By Jason Simpkins
U.S. President Barack Obama today (Tuesday) signed into law one of the most ambitious and costly pieces of legislation in America's 200-plus year history. However, with the economy still reeling, Obama has no time to rest on his laurels and tomorrow he will introduce a new plan to stem the rising tide of foreclosures swamping the nation's housing market.
"We have begun the essential work of keeping the American dream alive in our time,"President Obama said before he signed the $787 billion stimulus at the Denver Museum of Nature and Science where he toured a solar panel installation project.
The stimulus bill contains roughly $300 billion in tax breaks for individuals and businesses, more than $250 billion in direct aid to states suffering budget shortfalls, and $200 billion in infrastructure spending.
The size of the bill and the speediness with which it was passed – signed into law within a month of Obama's inauguration – have drawn comparisons to the reformation undergone during the first 100 days of President Franklin Delano Roosevelt's term.
"No one's going to have 100 days like Franklin Roosevelt again, with 15 major pieces of legislation," Allan Lichtman, a political history professor at American University, told Bloomberg News. "But leaving aside that impossible comparison, Obama's accomplishments stack up very well."
Still, the massive bill, unprecedented in size, is just one part of the new administration's plan to pull the U.S. economy out of a tailspin.
"As important as it is, it's only the beginning of what I think all of you understand is going to be a long and difficult process of turning our economy around,"Obama told the Business Council – a group founded by President Roosevelt during the Great Depression – last week.
Obama will travel from Denver to Phoenix, Arizona, tomorrow where he is expected to outline a new foreclosure plan to help stabilize the housing market. No details have been made available but the plan is expected to cost between $50 billion and $100 billion.
The number of loans in foreclosure hit a new record of 2.3 million last year, more than double the volume in 2006. Foreclosure filings – default notices, auction sale notices, and bank repossessions – continued to soar in January, albeit at a slightly slower rate than last year. Filings were up 18% from January 2008, to 274,399. Filings were down 10% from December.

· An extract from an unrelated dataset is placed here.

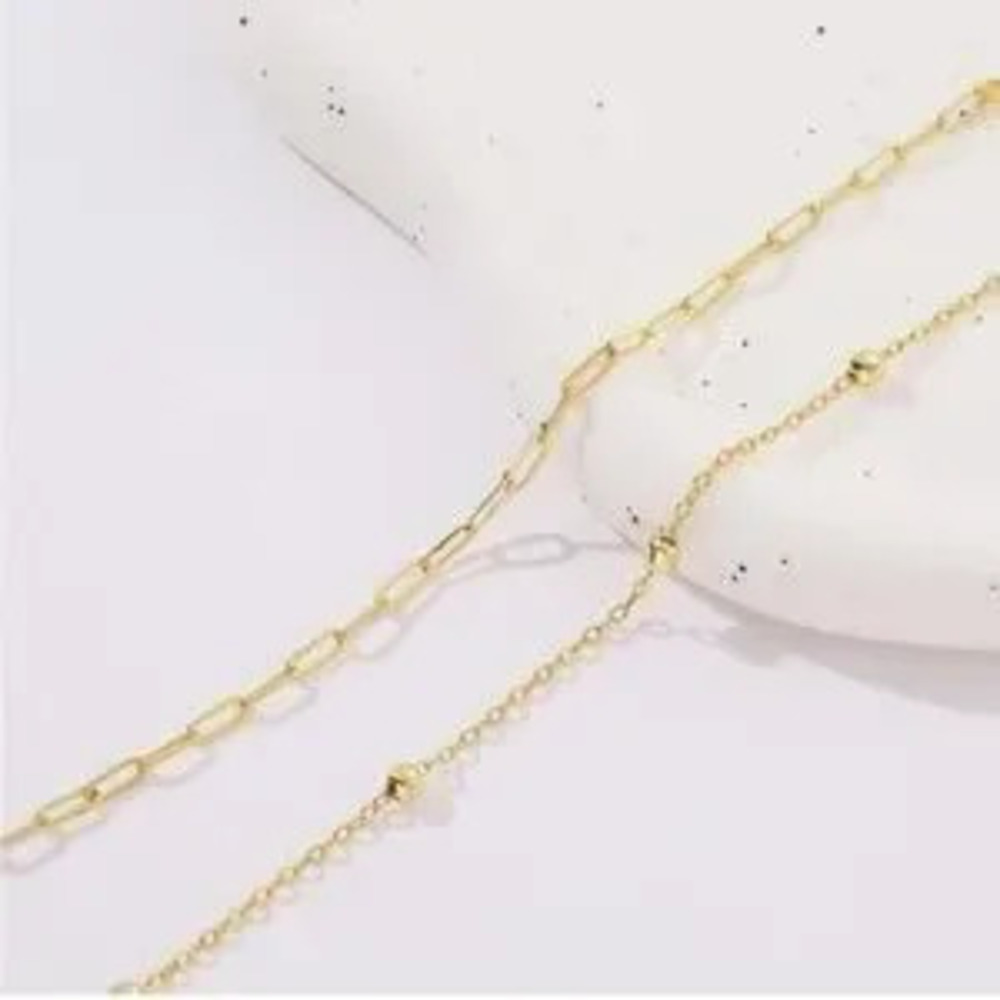 GOLD 14k Gold Plated 2pc PaperClip Beaded Bracelet Set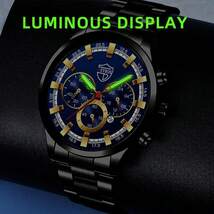 腕時計 メンズ セット ビジネス ラグジュアリー ステンレススチール 腕時計 日付機能 メンズ_画像2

Obama's plan is to put pressure on lenders to reduce monthly payments for borrowers at risk of losing their houses, people familiar with the administration's thinking told the New York Times. That could include government subsidies for reducing a borrower's interest rate, which a lender would have to match with its own money.
Officials caution, though, that subsidies for lower interest rates would not help many troubled homeowners, because lenders will continue to view many of those borrowers as bad risks and refuse to restructure their loans.

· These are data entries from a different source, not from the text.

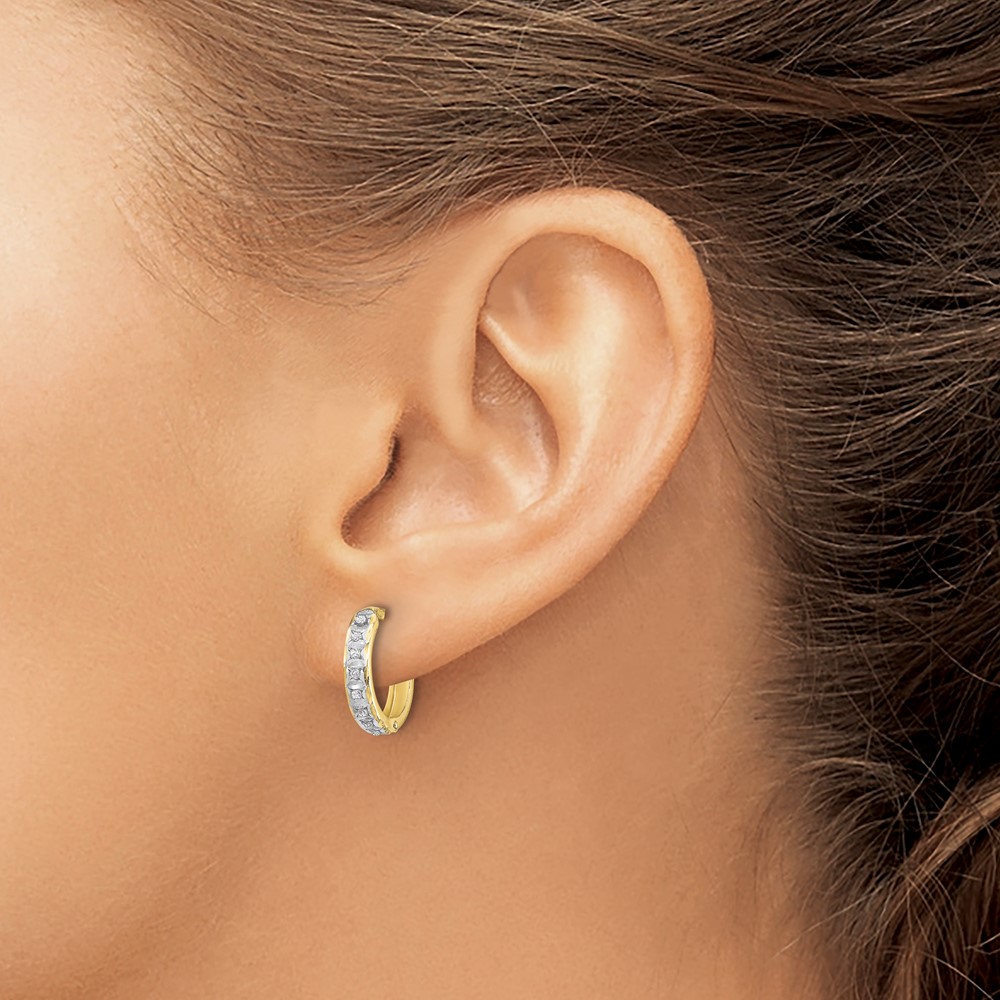 10k Diamond Fascination Round Hinged Hoop Earrings (10DF177)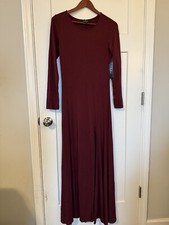 Lulus Long Sleeve Maxi Dress W/Front Slit Red Size Large L Spring Summer Fall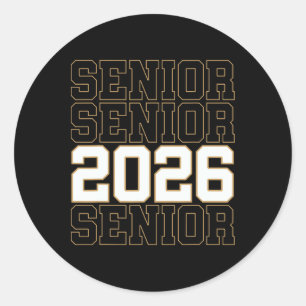 Adesivo Redondo Groovy Senior 2026 Cl De 2026 Graduado Senior Home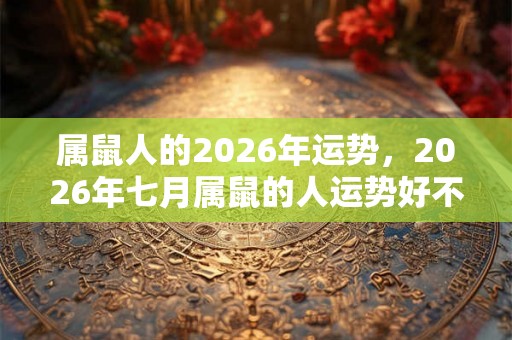 属鼠人的2026年运势，2026年七月属鼠的人运势好不好？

Another tact would be to pass legislation that would broaden the power of bankruptcy judges to restructure mortgages and reduce a borrower's payments. However, the banking industry contends that if a judge can unilaterally change the terms at a later date, investors will simply stop financing mortgages.
Questions over the size and scope of the plan also abound.
"We are likely looking at a trillion dollars in mortgage losses before it's all over," Peter Morici, an economist at the University of Maryland, told CNN. "And putting $50 [billion] to $100 billion is not going to solve the problem."